Fig. 3 is a table illustrating types of audio content processed in a hybrid priority-based system under one embodiment.

FIG. 4 is a block diagram of a multiprocessor rendering system for implementing a hybrid priority-based rendering strategy, under an embodiment.

FIG. 5 is a more detailed block diagram of the multiprocessor rendering system of FIG. 4, under an embodiment.

FIG. 6 is a flow chart illustrating a method for implementing priority-based rendering for playback of adaptive audio content through a sound bar under one embodiment.

Fig. 7 illustrates a bar speaker that may be used with an embodiment of a hybrid priority-based rendering system.

Fig. 8 illustrates the use of a priority-based adaptive audio rendering system in an exemplary television and sound bar consumer use case.

Fig. 9 illustrates the use of a priority-based adaptive audio rendering system in an exemplary full surround sound home environment.

FIG. 10 is a table illustrating some exemplary metadata definitions in an adaptive audio system utilizing priority-based rendering for a sound bar under one embodiment.

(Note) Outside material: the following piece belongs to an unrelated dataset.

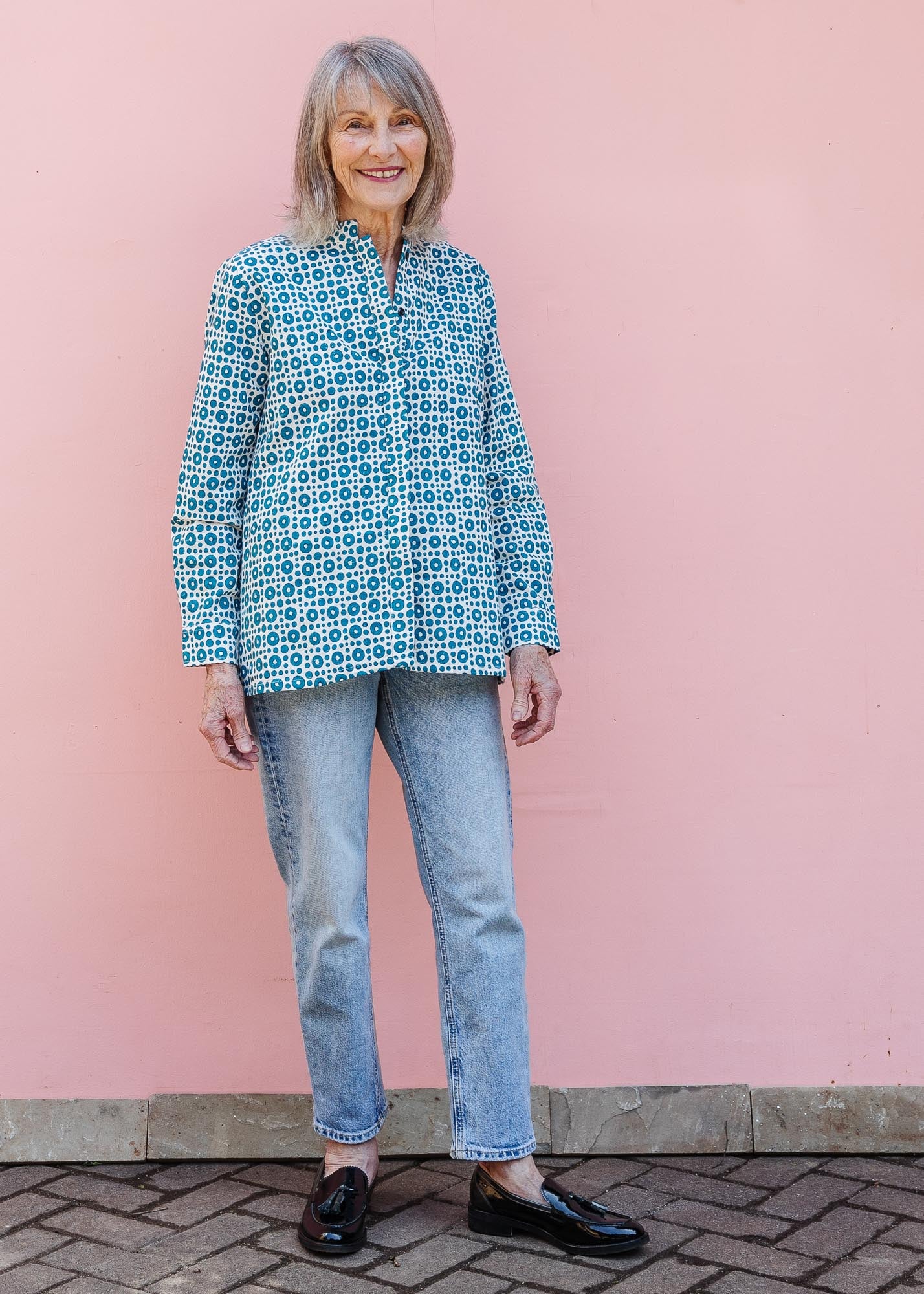 model wearing teal and white block printed long sleeved shirt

FIG. 11 illustrates an intermediate space format for use with a rendering system under some embodiments.

FIG. 12 illustrates an arrangement of rings in a stacked-ring format (pan) space for use with an intermediate space format under one embodiment.

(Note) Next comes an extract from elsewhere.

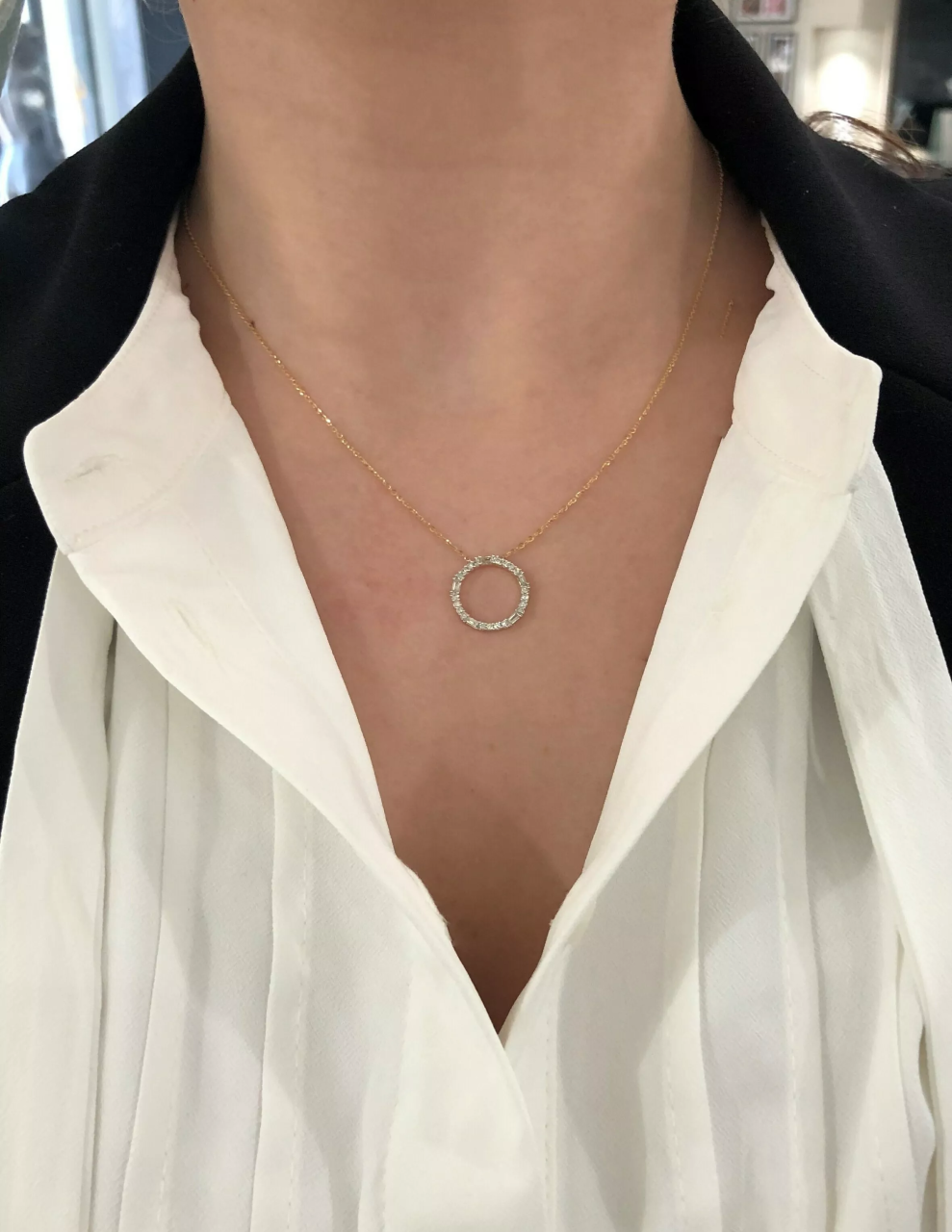 18ct yellow gold baguette and round diamond circle necklace on the neck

Fig. 13 illustrates a speaker arc where an audio object is panned to an angle used in an ISF processing system under one embodiment.

Fig. 14A-C illustrate decoding of the overlay intermediate spatial format under different embodiments.

DetailedâDescription

Systems and methods for a hybrid priority-based rendering strategy are described in which Object Audio Metadata (OAMD) beds or Intermediate Space Format (ISF) objects are rendered using a time domain Object Audio Renderer (OAR) component on a first DSP component, while OAMD dynamic objects are rendered by a virtual renderer in a post-processing chain on a second DSP component. The output audio may be optimized for playback through the bar speaker by one or more post-processing and virtualization techniques. Aspects of one or more embodiments described herein may be implemented in an audio or audiovisual system that processes source audio information in a mixing, rendering, and playback system that includes one or more computers or processing devices executing software instructions. Any of the described embodiments may be used alone or in any combination with one another. While various embodiments may have been inspired by various deficiencies of the prior art that may be discussed or implied by one or more of the places in the specification, embodiments do not necessarily address any of these deficiencies. In other words, different embodiments may address different deficiencies that may be discussed in the present specification. Some embodiments may address only some of the drawbacks that may be discussed in this specification or only one of the drawbacks, and some embodiments may not address any of these drawbacks.

For the purposes of this description, the terms "channel" and "object-based audio" refer to one or more audio channels having a parametric source description such as apparent source location (e.g., 3D coordinates), apparent source width, etc., are used in an associated sense in which a location is encoded as a channel identifier, e.g., front left or upper right surround, "channel-based audio" is audio formatted for playback through a predefined set of speaker zones having an associated nominal location (e.g., 5.1, 7.1, etc.), the term "object" or "object-based audio" refers to one or more audio channels having a parametric source description such as apparent source location (e.g., 3D coordinates), apparent source width, etc., and "adaptive audio" refers to channel-based and/or object-based audio signals plus metadata that render audio signals based on playback environments using audio streams plus metadata in which the location is encoded as a 3D location in space, and "listening environment" refers to any open, partially enclosed or fully enclosed area such as a room that may be used to play back audio content alone or with video or other content, and may be present in a theatre, etc. Such areas may have one or more surfaces disposed therein, such as walls or baffles that may reflect sound waves directly or indirectly.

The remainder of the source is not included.